§ **EXERCISE PROMPT**: Reproduce the entries exactly, but keep the pictures out of the copy.

§ **RECORDS PROVIDED**:
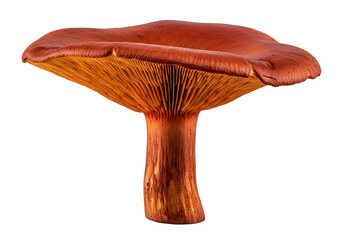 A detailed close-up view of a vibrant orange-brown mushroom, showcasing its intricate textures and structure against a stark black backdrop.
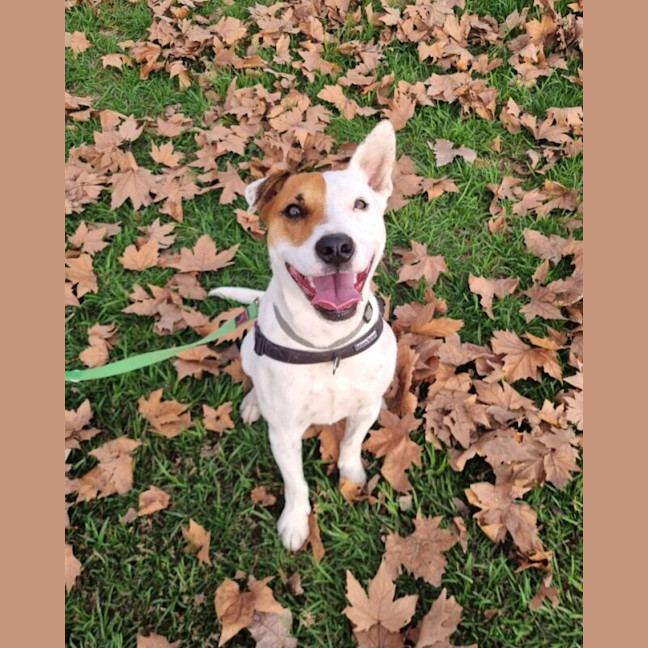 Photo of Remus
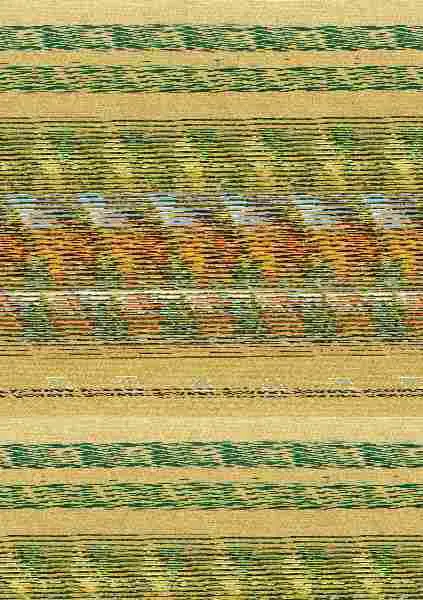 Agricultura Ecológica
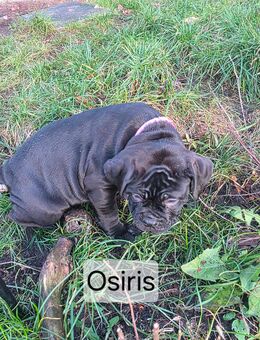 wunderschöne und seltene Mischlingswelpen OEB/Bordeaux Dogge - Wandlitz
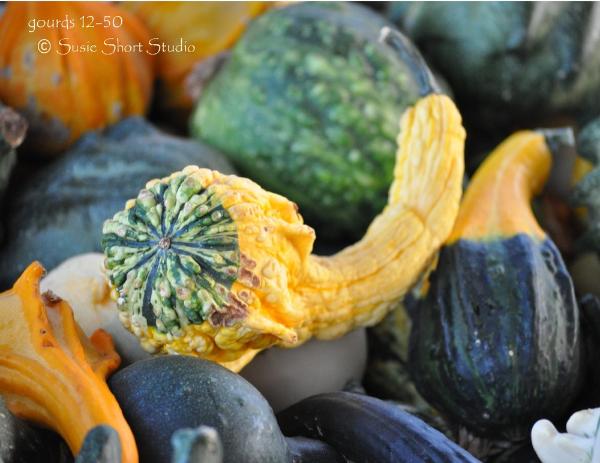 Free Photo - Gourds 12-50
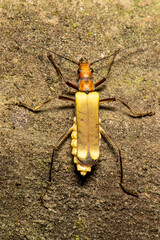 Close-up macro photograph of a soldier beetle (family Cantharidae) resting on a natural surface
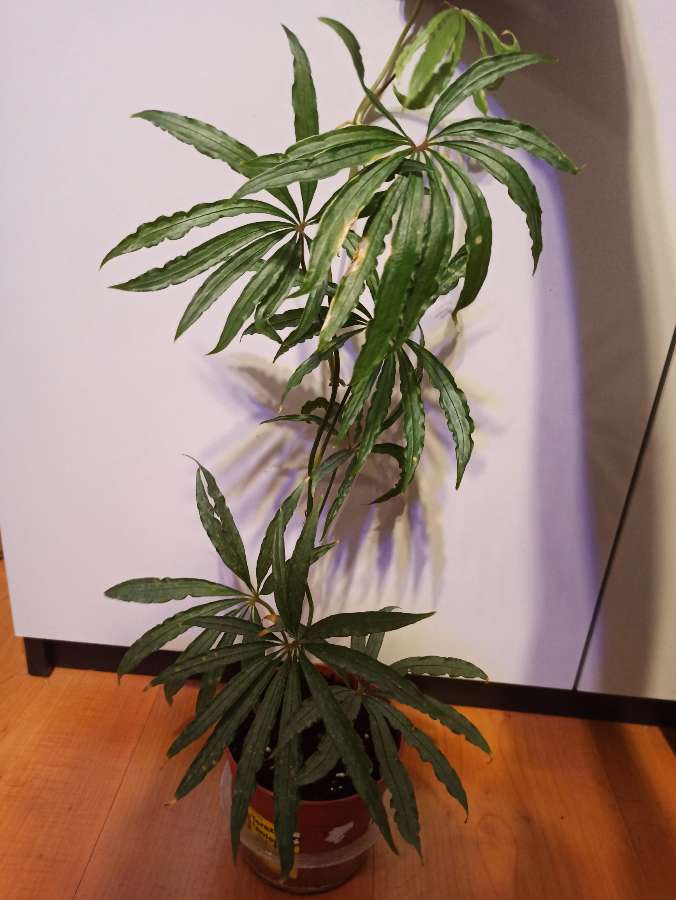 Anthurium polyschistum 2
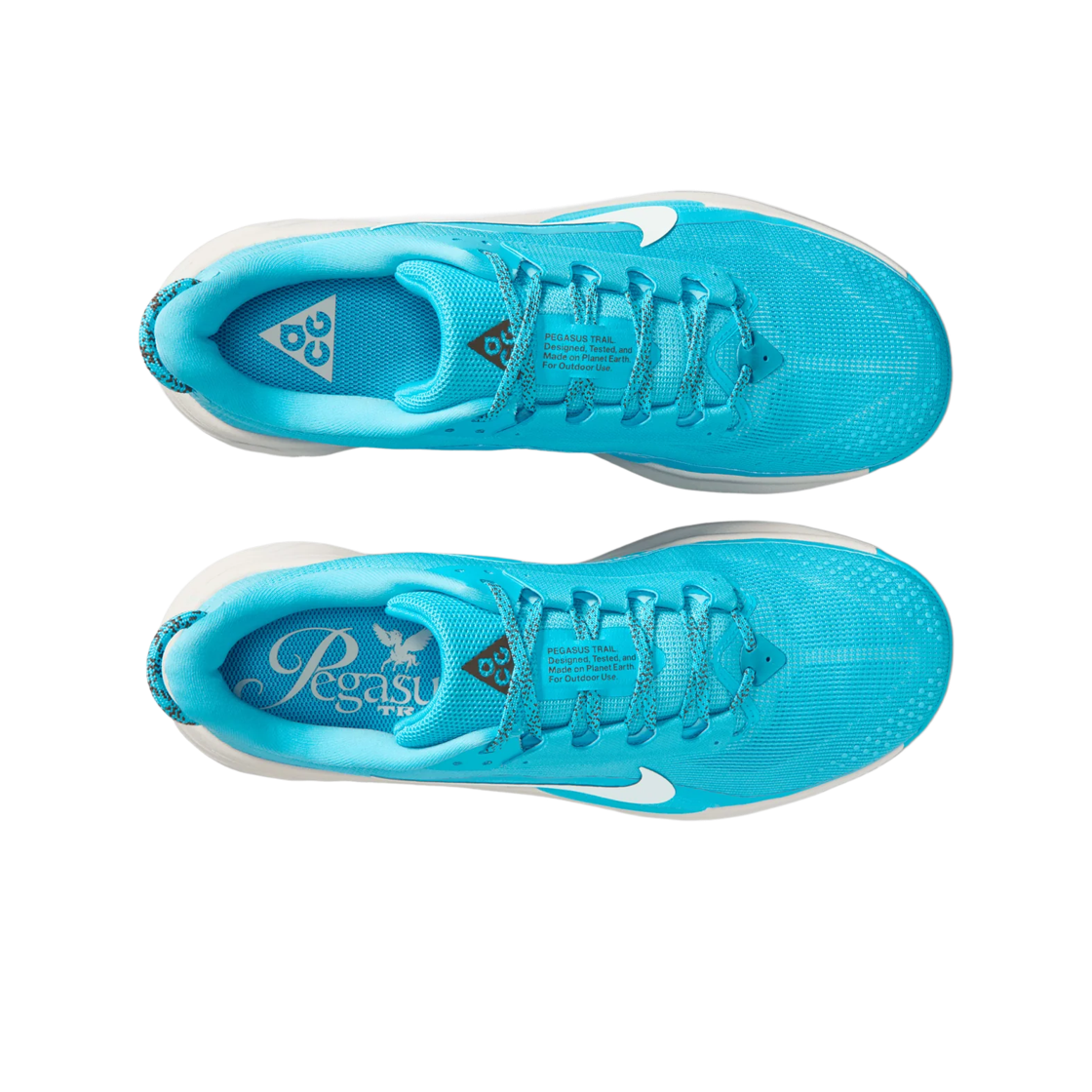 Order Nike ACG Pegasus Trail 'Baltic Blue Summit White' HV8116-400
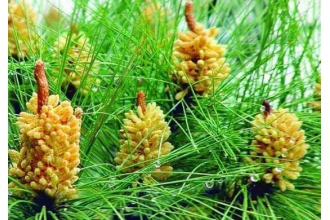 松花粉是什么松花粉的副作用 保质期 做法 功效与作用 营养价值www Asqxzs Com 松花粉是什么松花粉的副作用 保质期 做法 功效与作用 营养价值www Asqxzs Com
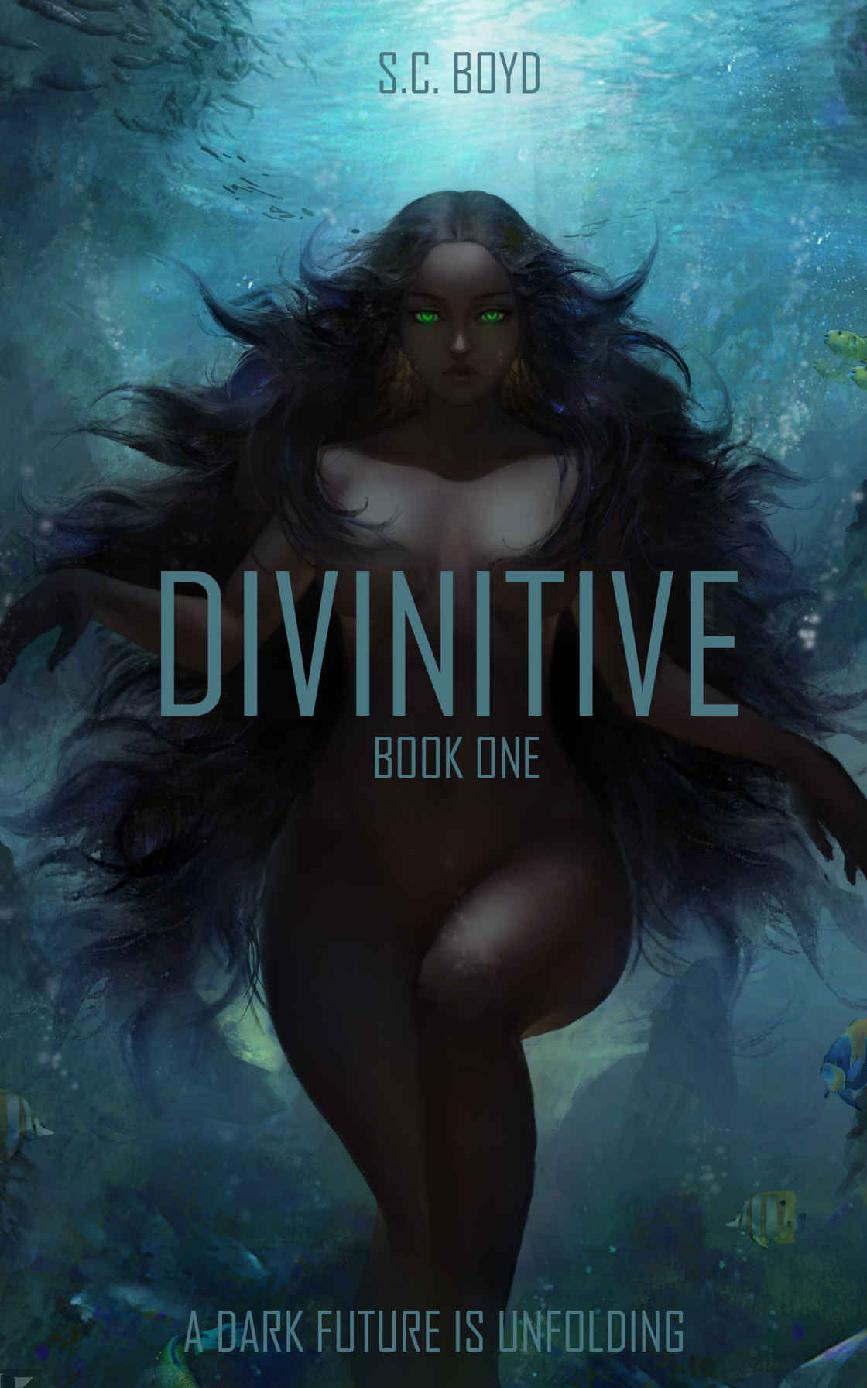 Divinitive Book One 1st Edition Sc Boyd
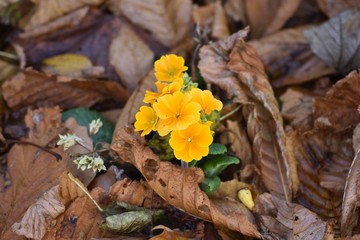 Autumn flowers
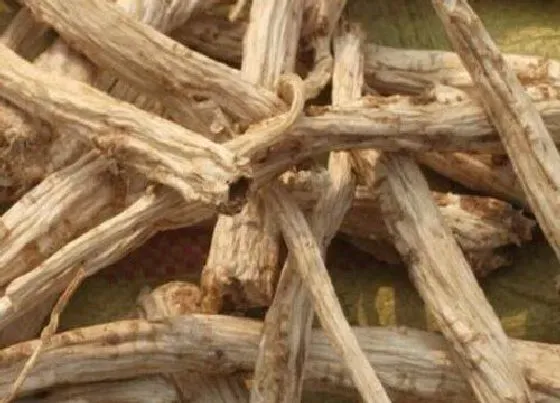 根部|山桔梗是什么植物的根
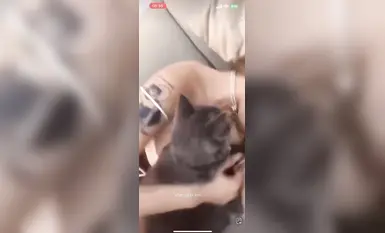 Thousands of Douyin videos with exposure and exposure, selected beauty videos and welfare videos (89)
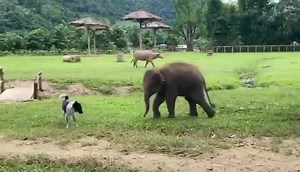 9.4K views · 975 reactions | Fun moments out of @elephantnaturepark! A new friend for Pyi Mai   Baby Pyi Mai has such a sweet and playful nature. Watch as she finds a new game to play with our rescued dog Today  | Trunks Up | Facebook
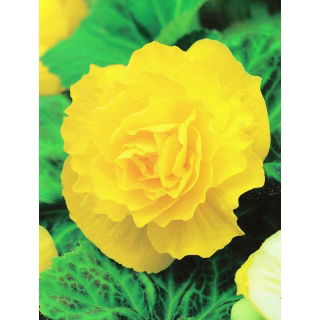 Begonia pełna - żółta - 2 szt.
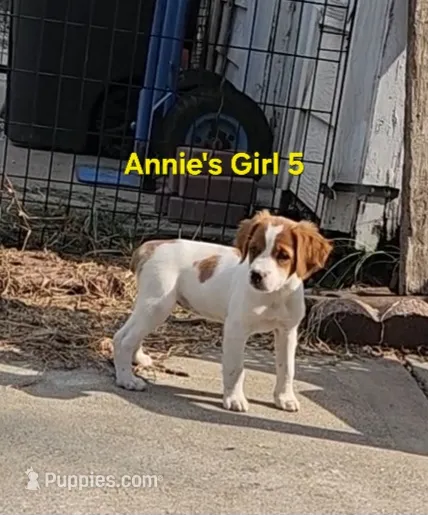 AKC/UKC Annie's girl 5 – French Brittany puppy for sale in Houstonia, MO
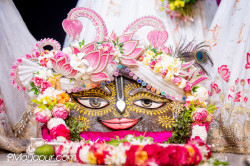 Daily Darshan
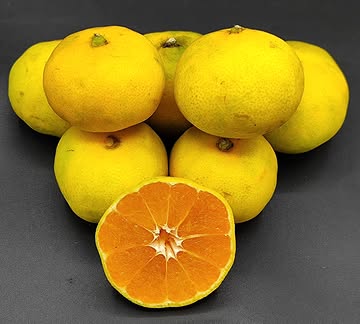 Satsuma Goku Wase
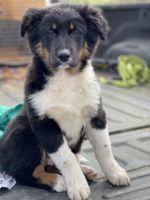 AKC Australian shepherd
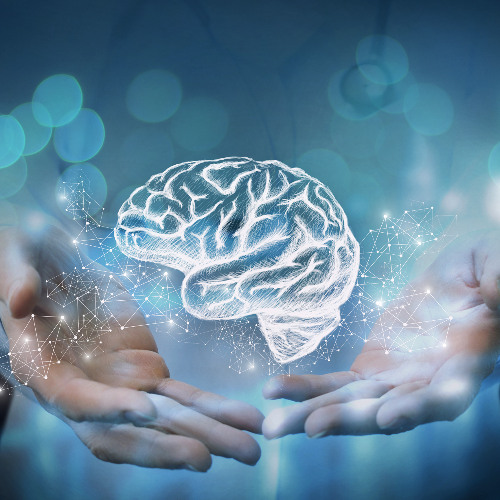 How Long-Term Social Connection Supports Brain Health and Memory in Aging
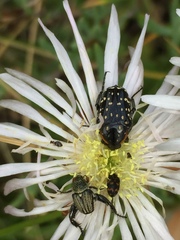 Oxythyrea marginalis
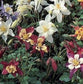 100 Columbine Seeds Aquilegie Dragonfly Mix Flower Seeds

§ **EXERCISE RESPONSE**:
 A detailed close-up view of a vibrant orange-brown mushroom, showcasing its intricate textures and structure against a stark black backdrop.
 Photo of Remus
 Agricultura Ecológica
 wunderschöne und seltene Mischlingswelpen OEB/Bordeaux Dogge - Wandlitz
 Free Photo - Gourds 12-50
 Close-up macro photograph of a soldier beetle (family Cantharidae) resting on a natural surface
 Anthurium polyschistum 2
 Order Nike ACG Pegasus Trail 'Baltic Blue Summit White' HV8116-400
 松花粉是什么松花粉的副作用 保质期 做法 功效与作用 营养价值www Asqxzs Com 松花粉是什么松花粉的副作用 保质期 做法 功效与作用 营养价值www Asqxzs Com
 Divinitive Book One 1st Edition Sc Boyd
 Autumn flowers
 根部|山桔梗是什么植物的根
 Thousands of Douyin videos with exposure and exposure, selected beauty videos and welfare videos (89)
 9.4K views · 975 reactions | Fun moments out of @elephantnaturepark! A new friend for Pyi Mai   Baby Pyi Mai has such a sweet and playful nature. Watch as she finds a new game to play with our rescued dog Today  | Trunks Up | Facebook
 Begonia pełna - żółta - 2 szt.
 AKC/UKC Annie's girl 5 – French Brittany puppy for sale in Houstonia, MO
 Daily Darshan
 Satsuma Goku Wase
 AKC Australian shepherd
 How Long-Term Social Connection Supports Brain Health and Memory in Aging
 Oxythyrea marginalis
 100 Columbine Seeds Aquilegie Dragonfly Mix Flower Seeds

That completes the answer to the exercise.